The outlook for Massachusetts' spring housing market darkened, as tumbling January sales drove down prices by 4.4 percent, the biggest monthly drop in more than a year.
Sales of single-family houses plummeted 28.4 percent from a year earlier, to 2,114, which was the slowest monthly pace since Warren Group in Boston began tracking the state's housing market in 1987. The median house price declined to $325,000 from $340,000 in January 2007; it was the fourth consecutive month of lower prices.
The Massachusetts Association of Realtors, which released its data yesterday, reported an even steeper price decline: 5.6 percent.
January sales are typically slow - the data reflect closings on sales agreements reached between sellers and buy ers during December and are an imperfect gauge of housing-market activity because of the holiday season. Nevertheless, economists and real estate analysts said it is clear the state's housing market has weakened further in recent months as sales and price drops have regained their momentum.
A widening credit crunch and fears of recession are scaring off prospective home buyers, prompting predictions by analysts that the spring house market, which begins next month, will be slow.
The spring market "is going to be lousy - worse than last year," said Patrick Newport, an economist for Global Insight, a Lexington consulting firm.
The credit crunch "hasn't eased at all since August - it's getting worse," Newport said. "Prices are in a free fall, housing starts are in a free fall, and sales are still dropping - all three have further to fall."
Existing forecasts of the state's housing market do not predict a rebound in prices until mid-2009, but that could change once new data are included.

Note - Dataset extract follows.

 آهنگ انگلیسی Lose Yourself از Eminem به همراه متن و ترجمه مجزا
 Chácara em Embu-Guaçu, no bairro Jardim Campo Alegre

The state's condominium sales also plunged in January, by 36.2 percent to 1,137, and the median price edged down 1.23 percent, to $270,000, Warren Group said. (Beginning last month, Warren Group changed the way it reports some data. As a result, it revised all of its historic prices and sales totals to exclude transactions involving foreclosure deeds by lenders and short sales, which has made the median prices higher; previously Warren Group included foreclosures and short sales in the data.)
Home prices here have not dropped as much as prices in once-fast-growing cities in the South and West, according to the Standard & Poor's/Case-Shiller home price index released yesterday. Its index of prices in 20 US metropolitan areas declined 9.1 percent last year. Boston area prices were down 3.4 percent in 2007, compared to 10.8 percent in San Francisco, 17.5 percent in Miami, and 5.6 percent in New York.
Also, the February index of US consumer confidence experienced its largest monthly drop since Hurricane Katrina more than five years ago.
Housing and consumer confidence "are feeding off each other in a vicious circle that is making it difficult to have a positive outlook," said Timothy Warren, Warren Group's chief executive.
"It's going to take time to sort itself and for the foreclosures to lessen and for people to have some confidence to get back into market," he added.
But real estate agents and analysts said the soft market presents the best opportunity in years for first-time home buyers. First-time buyers do not have to sell a house in a sluggish market before they are able to buy.
With the supply of unsold homes rising, buyers have strong leverage in negotiating prices. In January, there were 44,540 residential listings statewide - 4.1 percent more than a year ago, the Massachusetts Association of Realtors said.
Susan Renfrew, the association's president, conceded the housing market won't turn around quickly, but she noted that government actions such as increasing the dollar ceiling on mortgages eligible for purchase by government-sponsored agencies such as
Renfrew, who is an agent in Greenfield, in central Massachusetts, noted buyers have many choices at a time when mortgage interest rates are low. The rate for a 30-year fixed mortgage is currently 6 percent.
"We have pent-up demand by people who've been waiting to get back into the market," she said. "This is a great time to buy."